The fight to restore provincial funding for Langford girl Charleigh Pollock’s “life-sustaining” medication is over.
Health Minister Josie Osborne has confirmed the ministry is standing by its decision to discontinue coverage for the drug Brineura, “given that there is no clinical evidence it would provide further benefits” for the 10-year-old.
For six years, Pollock has been receiving bi-weekly infusions of the drug, which slows the progression of the rare neurological disorder she lives with: Batten disease.
Her family, medical team and Batten disease advocates have long argued that Pollock is still benefiting from the drug – listing relief from daily seizures as one of its many benefits.
Pollock’s last infusion was June 19.
“Complete devastation,” said mom Jori Fales speaking to Goldstream Gazette about the minister’s announcement July 11. “I don't know if there's another word to express how we're feeling today – it’s a very, very sad day.

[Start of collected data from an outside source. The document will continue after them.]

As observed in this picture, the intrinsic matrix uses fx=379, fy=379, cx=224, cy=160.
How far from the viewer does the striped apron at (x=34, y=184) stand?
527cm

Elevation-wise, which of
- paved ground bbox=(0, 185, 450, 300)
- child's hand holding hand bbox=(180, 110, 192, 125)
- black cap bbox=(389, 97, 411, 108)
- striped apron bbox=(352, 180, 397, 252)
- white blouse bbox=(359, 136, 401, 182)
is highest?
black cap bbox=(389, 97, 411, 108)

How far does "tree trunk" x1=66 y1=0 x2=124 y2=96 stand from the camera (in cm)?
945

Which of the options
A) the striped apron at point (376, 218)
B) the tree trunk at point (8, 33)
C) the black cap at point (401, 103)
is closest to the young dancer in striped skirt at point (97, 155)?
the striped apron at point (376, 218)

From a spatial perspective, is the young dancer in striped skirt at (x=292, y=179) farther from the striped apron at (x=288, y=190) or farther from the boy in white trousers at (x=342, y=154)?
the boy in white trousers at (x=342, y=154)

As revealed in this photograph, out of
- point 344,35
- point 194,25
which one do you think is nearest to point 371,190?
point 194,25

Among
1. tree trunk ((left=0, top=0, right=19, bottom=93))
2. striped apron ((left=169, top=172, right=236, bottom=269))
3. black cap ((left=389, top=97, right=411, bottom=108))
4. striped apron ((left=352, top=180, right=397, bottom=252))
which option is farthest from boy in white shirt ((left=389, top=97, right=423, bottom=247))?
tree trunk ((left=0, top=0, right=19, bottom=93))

“We're just profoundly sorry to Charleigh that this is happening.”
Fales says she was told the news by email, minutes before Osborne held a virtual meeting with media representatives.
“I was receiving texts as I was still reading the email,” she said. “I am utterly disgusted.”

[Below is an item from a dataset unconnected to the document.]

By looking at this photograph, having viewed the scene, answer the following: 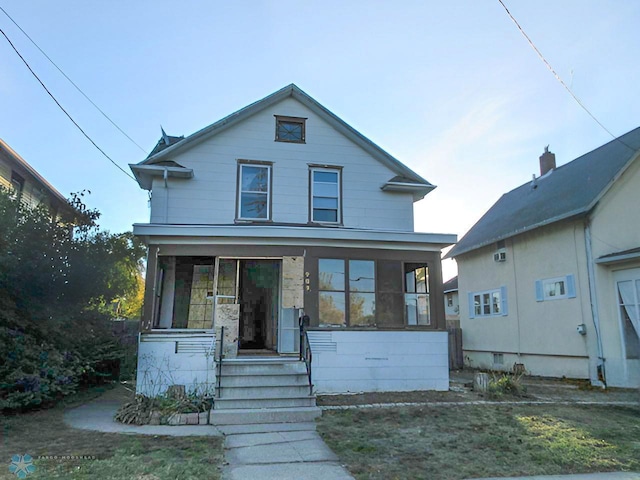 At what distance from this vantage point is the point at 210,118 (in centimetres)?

With the support of three Batten disease experts, Fales had met with the minister July 4 to present information they said had not been considered by the Expensive Drugs for Rare Diseases committee (EDRD) or included in the Canada’s Drug Agency (CDA) review this year, which was used to support the decision to discontinue Pollock’s funding.
They also raised concerns that two key international experts were not engaged by the CDA as part of the review. Including Dr. Angela Schulz, who developed the clinical scoring criteria used to end Pollock’s funding.
Schulz has said the criteria she developed is outdated and is creating new clinical scoring criteria, which is more sensitive to the long-term benefits of Brineura.
A statement from Osborne confirms that “all the relevant evidence” provided at the meeting “was already considered” by the EDRD expert committees in February, when Pollock’s physician appealed the original decision to discontinue treatment.
The health minister did not confirm what information, if any, provided at the July 4 meeting was considered irrelevant.
Osborne also said the CDA had reviewed and evaluated eight separate publications by the two experts, including Schulz.
It was also confirmed by the health minister that the manufacturer of Brineura submitted additional unpublished research for review as part of the process.
"This has been one of the most challenging issues that I have worked on since becoming health minister, and I take seriously my role to ensure that B.C. has drug review processes that are independent, evidence-based and treat people equally," said Osborne in a statement.
Fales says she struggles to believe the ministry took the time to properly consider what she and the Batten disease experts presented at the meeting.
She also says the ministry has not contacted Schulz.
“I feel this decision was made months ago, and our family was dragged through hell just to get the exact same outcome,” said Fales.
“Why did they take another seven days to give us the exact same answer, knowing that my daughter can sustain irreversible brain damage.”
Pollock is now eight days past what would have been her next infusion treatment.
Without “therapeutic levels of this life-sustaining enzyme,” Dr. Ineka Whiteman, head of research and medical affairs for the Batten Disease Support Research and Advocacy Foundation, has warned that “time is neurons” for the Langford girl.
“Any brain cells that Charleigh loses from today won’t be regenerated, so every day is damaging for her right now,” she said, speaking to Goldstream Gazette last week.
Fales says she has yet to notice any change in her daughter’s condition.
“But we know it is happening, we just haven't seen a visual cue yet,” she said.
Money raised by the community will allow the family to pay privately for two more infusions, said Fales. Osborne also confirmed the family is working with Island Health to administer the treatment.
“But we know that this isn't a long term solution, so at some point we need to accept that Charleigh will no longer be getting her infusions,” said Fales.
“We're hoping to get those two in her so she can enjoy her summer, which there's a good chance now, is her last summer.
“I'm so grateful to our community for all the love and support, and I appreciate that they can see my daughter's life has a value.”